For the first time since the late 1990’s there are more deaths due to Heroin use than to other opioid painkillers, such as hydrocodone and oxycodone.
Even more shocking, for the first time ever, heroin-related deaths exceeded gun homicides in 2015, according to a new report released from the Center for Disease Control and Prevention (CDC).
The Washington Post has noted that “As recently as 2007, gun homicides outnumbered heroin deaths by more than 5 to 1.”
The report shows that opioid related deaths have continued to grow, and in 2015, surpassed 30,000 for the first time in recent history.
While the study shows deaths due to other powerful synthetic drugs continuing to rise, Heroin induced deaths have risen by more than 2,000 cases according to the Washington Post.
In 2014 61% of drug overdose deaths were due to opiate use according to the CDC report. It is reported that the current opioid predicament stems from the drastic increase in use of the prescription painkillers in the 1990s and early 2000s. As these opiates can cause dependencies, many Americans have formed addictions to the drugs.
The Post also noted that deaths recorded and categorized by the CDC may not be “mutually exclusive,” as, “deaths may involve more than one individual drug category. For example, death could be due to use of Heroin in conjunction with alcohol.

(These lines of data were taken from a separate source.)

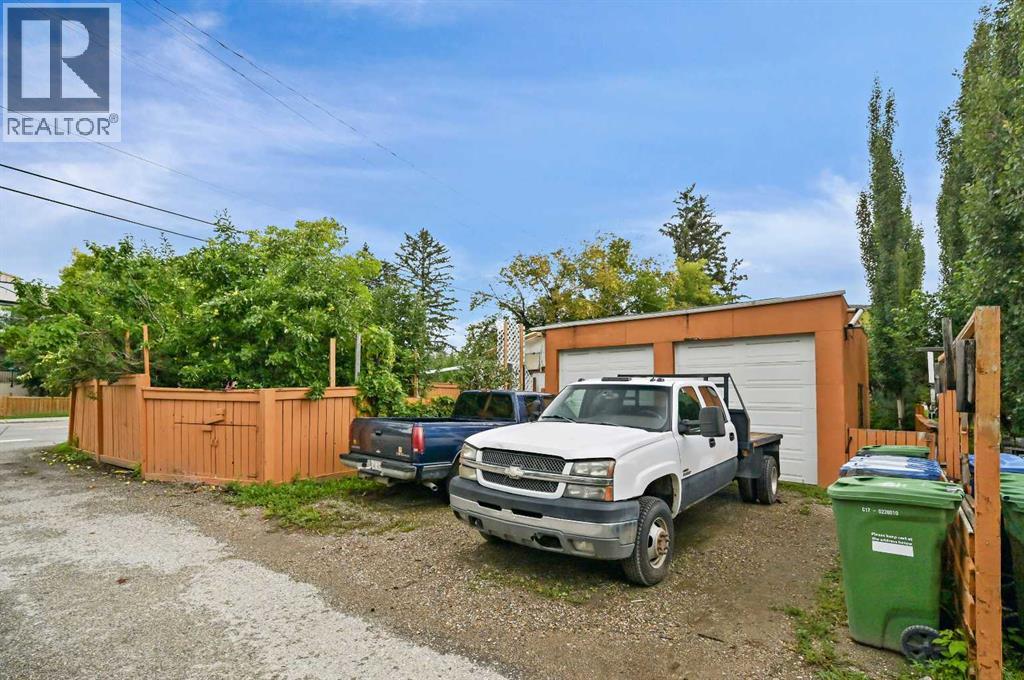 Single Family House for Sale in  Bowness Road NW Bowness Calgary 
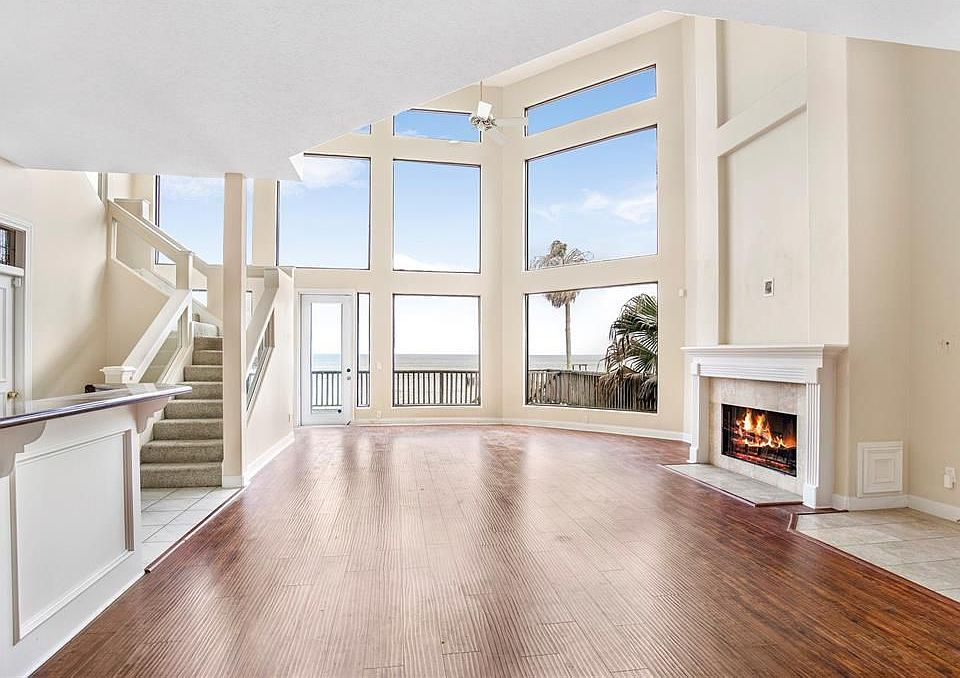 1st image of 807 Bay Ave #C
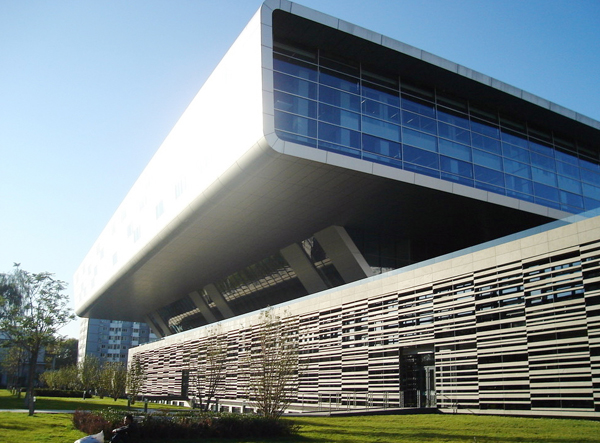 國(guó)家圖書館不銹鋼煙囪安裝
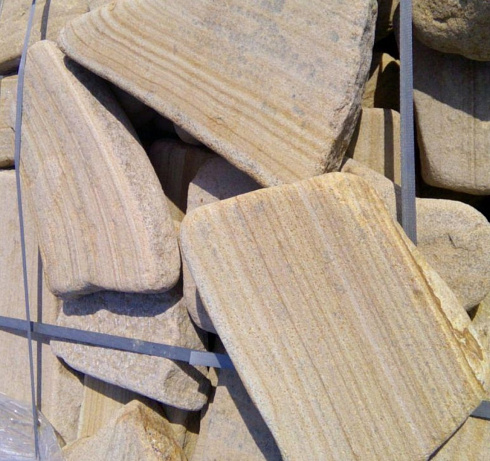 Kamenclub.ru: Песчаник пластушка галтованный желтый с рисунком (3 см)  купить в Московской области плитняк - пластушка желтый песчаник 21000 руб/м3   фото КАМЕНЬ КЛУБ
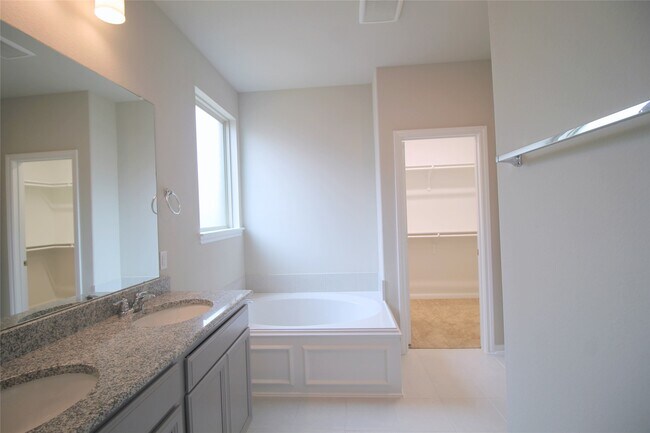 Building Photo - 26018 Windy Prairie Ct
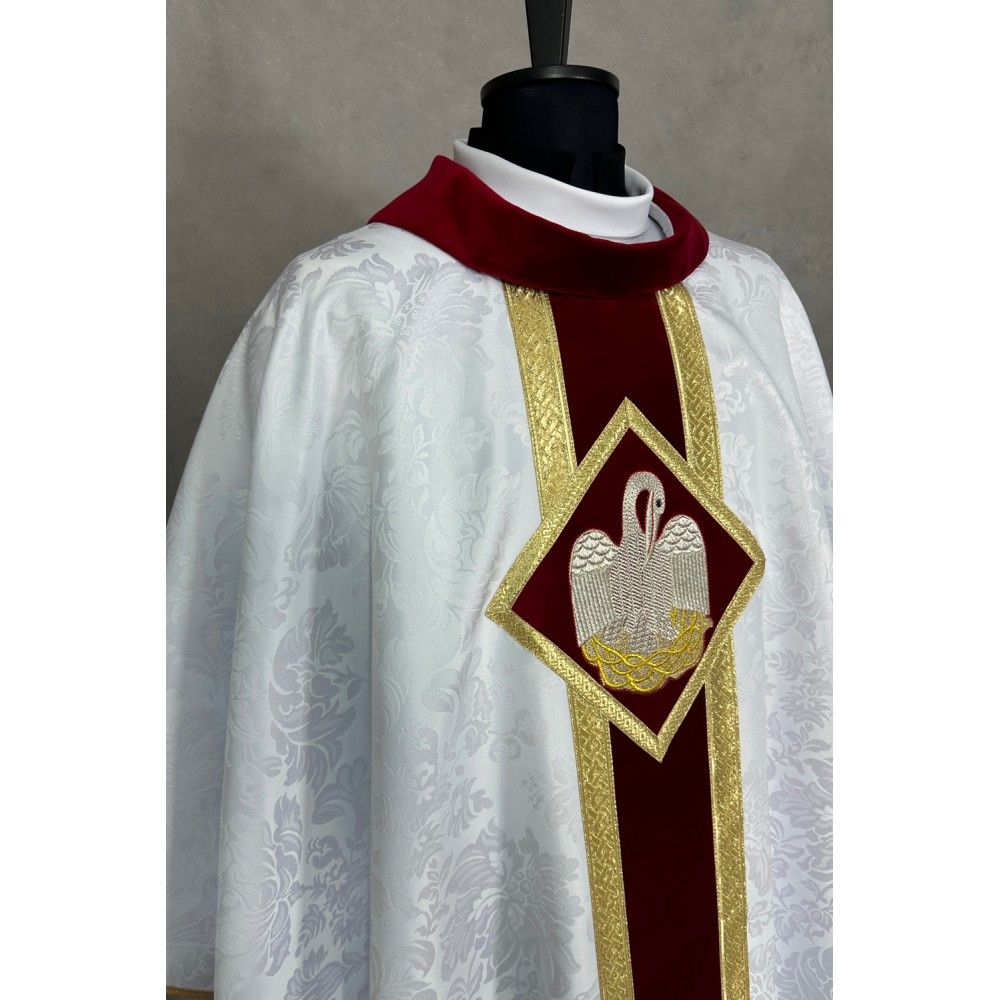 Ornat gotycki biały, aksamitny pas z haftem Pelikana (72K) - Ornaty białe/ ecru - zdjęcie 2 - Ornat gotycki biały, aksamitny pas z haftem Pelikana (72K)
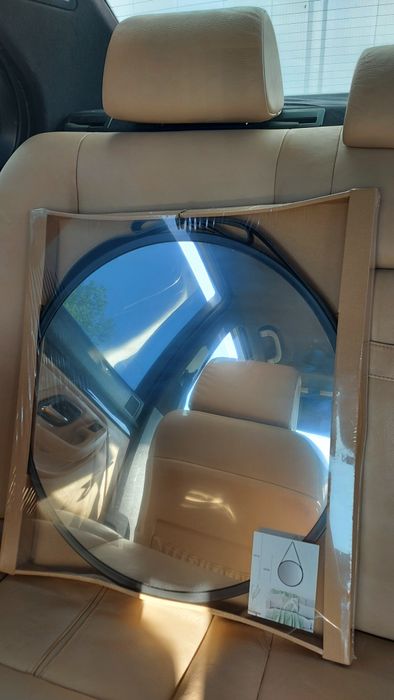 Огледало 50см с черна метална рамка и кожена каишка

CDC Director Tom Frieden released a statement saying, “The epidemic of deaths involving opioids continues to worsen. Prescription opioid misuse and use of heroin and illicitly manufactured fentanyl are intertwined and deeply troubling problems.”
On Monday, Congress passed a spending bill to help combat the opioid epidemic.
The bill will prove $1 billion in funding for prevention and treatment programs.
The Coalition to Stop Opioid Overdose said in a statement, “This legislation can help create real change for the millions of Americans impacted by the opioid crisis.”
While people call criminal charges in these cases, drug policy reformers say that this is counterproductive to the problem.
Grant Smith, deputy director of national affairs at the Drug Policy Alliance said, “It drives a wedge between people who need help and the services they need. Because of criminalization and stigma, people hide their addictions from others.”
The new drug fighting bill will be making its way to President Obama’s desk in the coming days for approval. If signed, the funds will be used over the next two years to combat the ever growing problem.